解雇通知書などの書類作成は、1通あたり5,000円から30,000円程度が相場となる場合があります。労務トラブルへの対応や交渉の立ち会いを依頼する場合は、着手金と成功報酬が発生することもあります。顧問契約を結んでいる場合は、月額料金の範囲内で相談に対応してもらえるケースが多いため、事前に確認することが重要です。
解雇に関するよくある質問
従業員の解雇を検討する人事担当者や経営者の方々から、実務において様々な質問が寄せられます。 ここでは、特に頻繁に寄せられる疑問点について、Q&A形式で簡潔に解説します。
試用期間中であれば、本採用前なので簡単に解雇することができますか?
正社員よりは広い裁量がありますが、簡単に解雇することはできません。
試用期間中であっても解雇には正当な理由が必要です。 口頭注意から書面での指導、譴責、減給と進め、それでも改善が見られない場合に初めて普通解雇を検討します。 記録が解雇の正当性を証明する重要な証拠となります。
問題社員に何度注意しても態度が改まりません。どうすればよいですか?
相手の尊厳に配慮し、高圧的な態度を避けることが重要です。
口頭注意から書面での指導、譴責、減給と進め、それでも改善が見られない場合に初めて普通解雇を検討します。
できるだけ穏便に辞めてもらうための退職勧奨のコツはありますか?
会社の状況を客観的に説明し、退職条件を提示して従業員自身に選択を委ねる形が望ましいです。

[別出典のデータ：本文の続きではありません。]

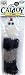 Vo-Toys Furry Snake 9in 3 tone Cat Toy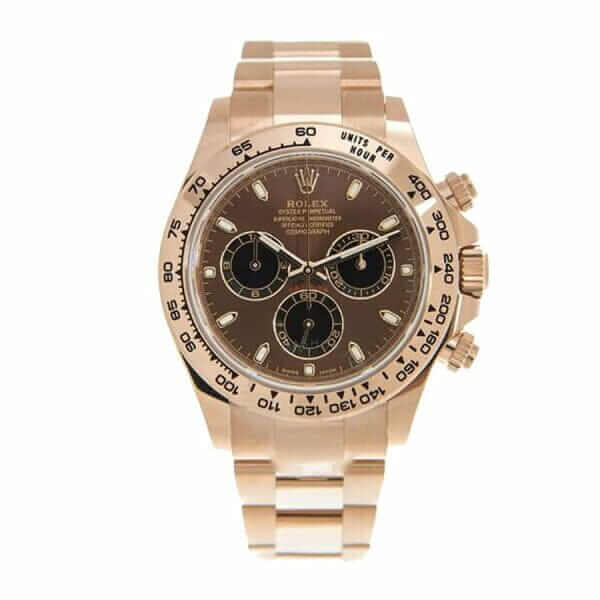 Rolex Daytona Cosmograph Brown Dial 116505-0013 Oyster Replica - United Luxury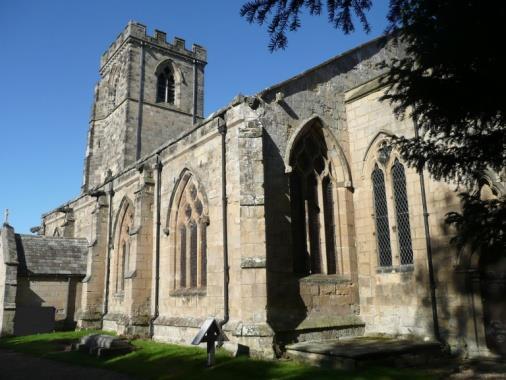 ST ANDREW, BAINTON Known as the Cathedral of the Wolds, Grade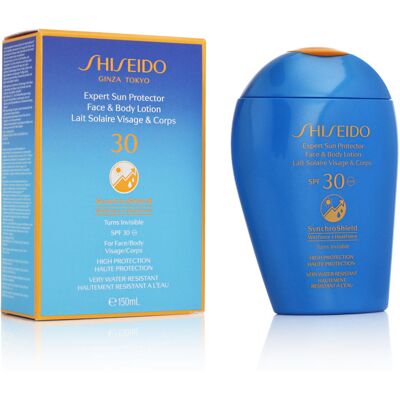 Opalovací krém Shiseido SPF 30 - Pleť a Tělo Opalovací krém Shiseido SPF 30 - Pleť a Tělo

複数回の面談や長時間の拘束は違法な退職強要と見なされるため避けましょう。
解雇の相談は社労士と弁護士のどちらにすべきですか?
労務トラブルの予防や手続きの相談は社労士が適任です。
既に対立が激化し、訴訟や労働審判が避けられない状況なら弁護士に相談しましょう。多くの社労士は提携弁護士がいるため、まずは社労士に相談し、必要に応じて連携してもらうのが効率的です。

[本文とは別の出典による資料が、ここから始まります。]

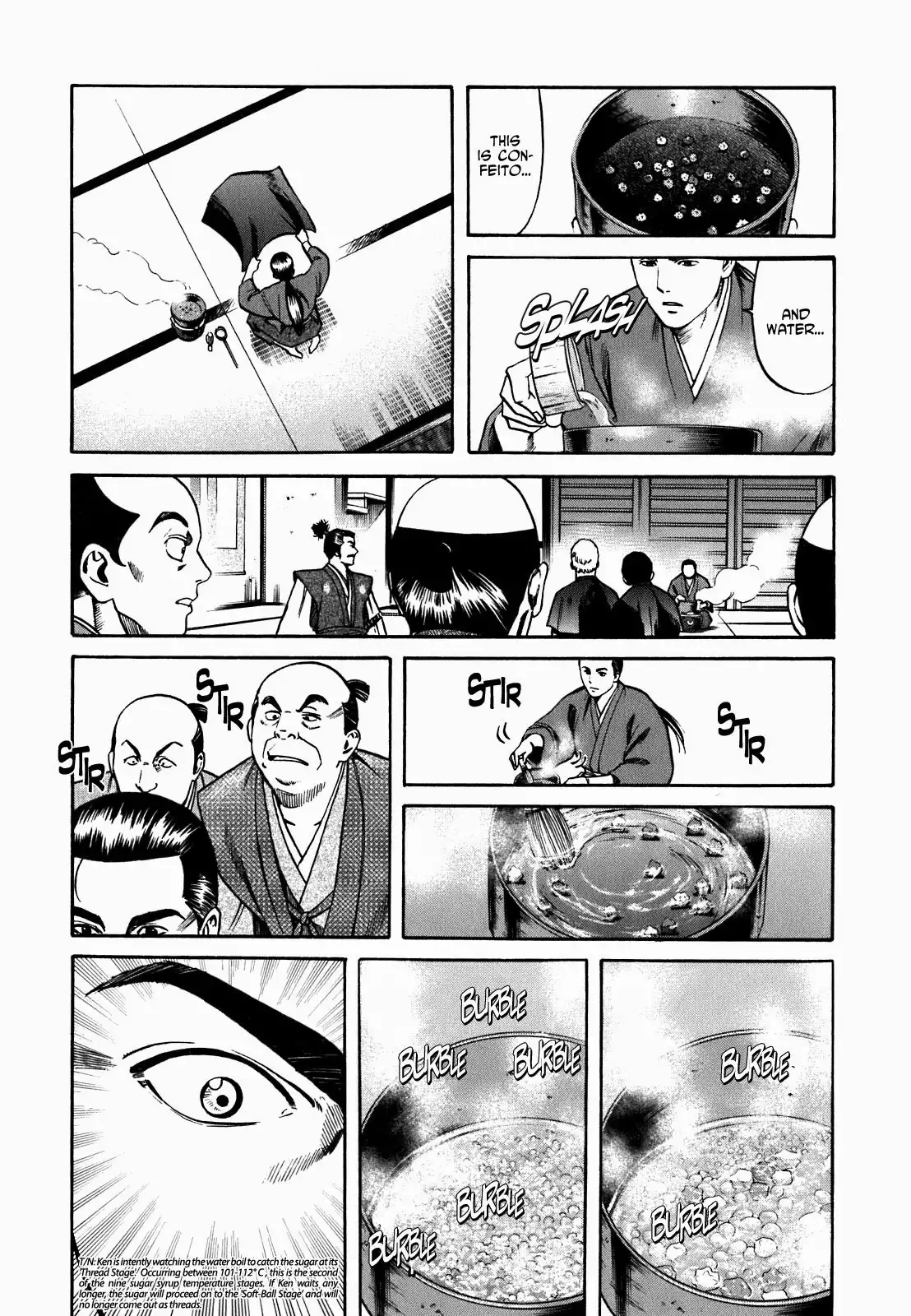 Nobunaga no Chef Chapter 1.007 100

本人が「解雇通知書」の受け取りを拒否した場合、どのように対処をすればよろしいですか ?
「内容証明郵便」を利用してください。
手渡しでの受け取りを拒否された場合は、郵便局を通じて内容証明(配達証明付き)で送付します。これにより、「会社が解雇の意思表示をしたこと」を公的に証明でき、通知の効力が発生します。
まとめ
従業員の解雇は、法的な要件と正しい手順を遵守しなければ、不当解雇として企業に深刻なダメージを与える可能性があります。
解雇の有効性は、「客観的に合理的な理由」と「社会通念上の相当性」という厳格な基準で判断されます。
能力不足を理由とする場合でも、十分な指導や改善の機会を与えた客観的な記録が不可欠です。 解雇予告や各種書面の交付といった手続きも正確に行わなければなりません。
これらの複雑なプロセスを適切に進め、リスクを最小限に抑えるためには、人事労務の専門家である社会保険労務士への早期の相談が極めて有効な手段となります。